CIFAR-10 是由 Hinton 的学生 Alex Krizhevsky 和 Ilya Sutskever 整理的一个用于识别普适物体的小型数据集。一共包含 10 个类别的 RGB 彩色图 片:飞机( airplane )、汽车( automobile )、鸟类( bird )、猫( cat )、鹿( deer )、狗( dog )、蛙类( frog )、马( horse )、船( ship )和卡车( truck )。图片的尺寸为 32×32 ,数据集中一共有 50000 张训练图片和 10000 张测试图片。
首先准备好数据集。使用torchvision.datasets可以直接下载数据集,使用download参数控制。当此项参数为True,则数据集不存在指定目录下时会自动下载。同时使用transform.Normalize()可以很好地进行归一化。将transforms.ToTensor()与其使用transforms.Compose()结合在一起。
data_path = r"./datasets"
cifar10 = datasets.CIFAR10(data_path, train=True, download=True)
cifar10_val = datasets.CIFAR10(data_path, train=False, download=True)
tensor_cifar10 = datasets.CIFAR10(data_path, train=True, download=False, transform=transforms.ToTensor())
tensor_cifar10_val = datasets.CIFAR10(data_path, train=False, download=False, transform=transforms.ToTensor())
img_t, _ = tensor_cifar10[99]
imgs = torch.stack([img_t for img_t, _ in tensor_cifar10], dim = 3)
'''
Normalize params are from
imgs.view(3, -1).mean(dim=1) and imgs.view(3, -1).std(dim=1)
'''
transformed_cifar10 = datasets.CIFAR10(data_path,
train=True,
download=False,
transform=transforms.Compose([transforms.ToTensor(),
transforms.Normalize((0.4914, 0.4822, 0.4465),
(0.2470, 0.2435, 0.2616))]))
transformed_cifar10_val = datasets.CIFAR10(data_path,
train=False,
download=False,
transform=transforms.Compose([transforms.ToTensor(),
transforms.Normalize((0.4914, 0.4822, 0.4465),
(0.2470, 0.2435, 0.2616))]))
由于我们只需要分类鸟与飞机,我们只取需要的数据。
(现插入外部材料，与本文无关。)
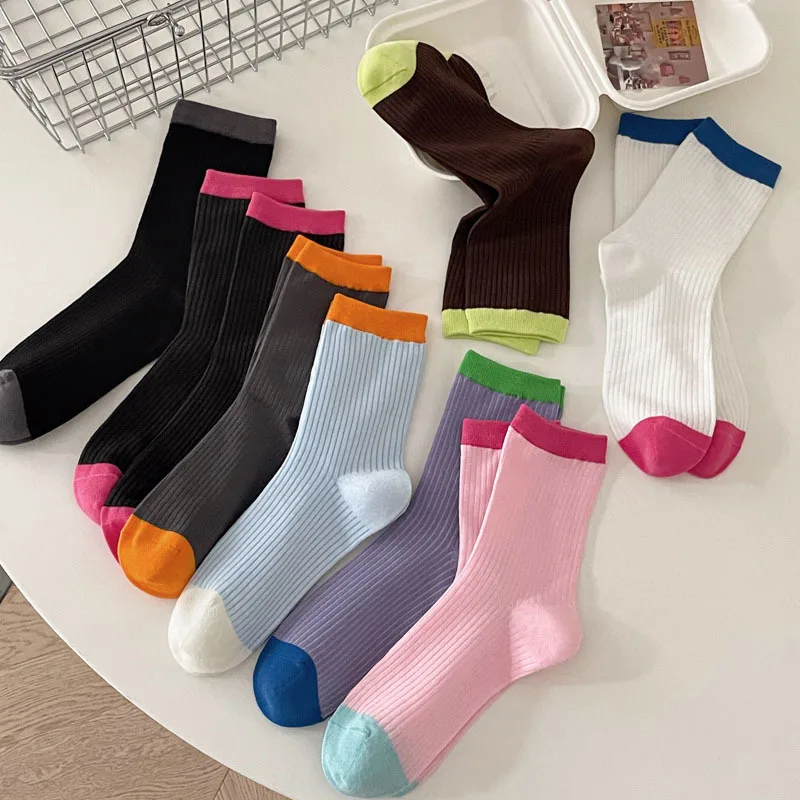 

Candy Color Girls Sweet Cotton Socks Korean Knitting Breathable Short Socks Color Matching Casual Harajuku Streetwear Long Socks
并用dataloader加载数据集。
label_map = {0: 0, 2: 1}
class_names = {'airplane', 'bird'}
cifar2 = [(img, label_map[label])
for img, label in transformed_cifar10
if label in [0, 2]]
cifar2_val = [(img, label_map[label])
for img, label in transformed_cifar10_val
if label in [0, 2]]
train_loader = torch.utils.data.DataLoader(cifar2, batch_size=64, shuffle=True)
val_loader = torch.utils.data.DataLoader(cifar2_val, batch_size=64, shuffle=False)
定义我们的模型:
model = nn.Sequential(nn.Linear(3072,512, ),
nn.Tanh(),
nn.Linear(512, 2, ),
nn.LogSoftmax(dim = 1))
了解其中的Softmax函数是必要的。
优化这个模型最简单粗暴的办法就是增加层数。最后进入训练。
loss_fn = nn.NLLLoss()
learning_rate = 1e-2
optimizer = torch.optim.SGD(model.parameters(), lr=learning_rate)
n_epochs = 100
# Train the model
for epoch in range(n_epochs):
for imgs, labels in train_loader:
batch_size = imgs.size(0)
outputs = model(imgs.view(batch_size, -1))
loss = loss_fn(outputs, labels)
optimizer.zero_grad()
loss.backward()
optimizer.step()
print("Epoch: %d, Loss: %f" % (epoch, float(loss)))
我们可以评估一下通过此训练出的模型。
with torch.no_grad():
for imgs, labels in val_loader:
batch_size = imgs.size(0)
outputs = model(imgs.view(batch_size, -1))
_, predicted = torch.max(outputs, dim = 1)
total += labels.size(0)
correct += int((predicted == labels).sum())
准确度在0.82左右,相对来说还是不错。